Hi Dataverse users,
I am trying to harvest metadata from Zenodo to Dataverse, using a harvesting client.
I have some failures and I am now trying to understand what goes wrong.
Settings: metadata format = 'oai_dc', archive type = 'Generic OAI archive'. I don't know if these are the best ones, as I haven't tried anything else so far. I have used the settings once mentioned in another post.
1) <message>Exception processing getRecord(), oaiUrl=
https://zenodo.org/oai2d, identifier=oai:
zenodo.org:2549479, edu.harvard.iq.dataverse.api.imports.ImportException, Failed to import harvested dataset: class edu.harvard.iq.dataverse.util.json.ControlledVocabularyException (Value 'eng' does not exist in type 'language')</message>
I feel this exception depends on the fact that Zenodo does not control values in the field 'language' and accepts free text. Suggested text is e.g. 'eng'. In fact, if one types 'eng' and has enough time to wait, after a while a drop-down menu appears where one can select "English", but "eng" is also accepted. If the value is selected from the drop-down, then import to Dataverse runs smoothly. So, I think that the only way to avoid this would be to correct metadata in Zenodo before importing into Dataverse (where the 'language' value is controlled). Any other ideas?
2) for some records I got these other two errors:
Error calling GetRecord - GetRecord request failed. HTTP error code 502
Error calling GetRecord - GetRecord request failed.
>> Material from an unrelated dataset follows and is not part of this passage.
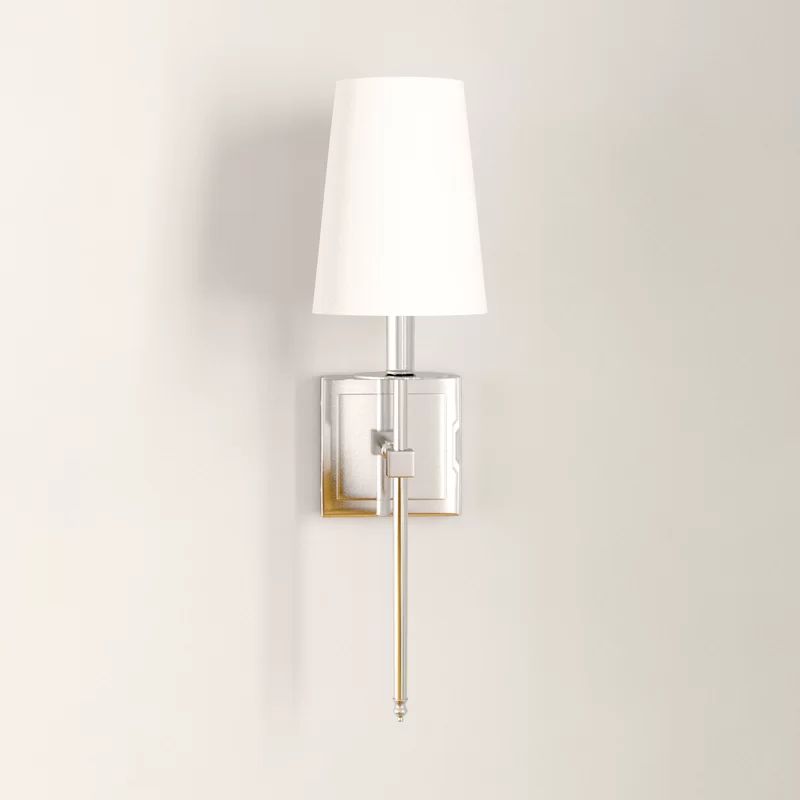Macauly 1 - Light Dimmable Armed Sconce | Wayfair North America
HTTP error code 504
Do you think those could depend on time-out issues? (it seems Zenodo is very slow in replying...)
3) when setting the harvesting client, some times the list of available sets is completely empty, some other times it contains only part of the OAI sets (i.e. Zenodo communities) and in this case a warning is displayed, saying that not all sets have been retrieved due to time-out problems. Do you think that these issues could be solved anyway? e.g. by changing any setting?
Thanks for the help!
Best wishes,
IIT Dataverse (Istituto Italiano di Tecnologia)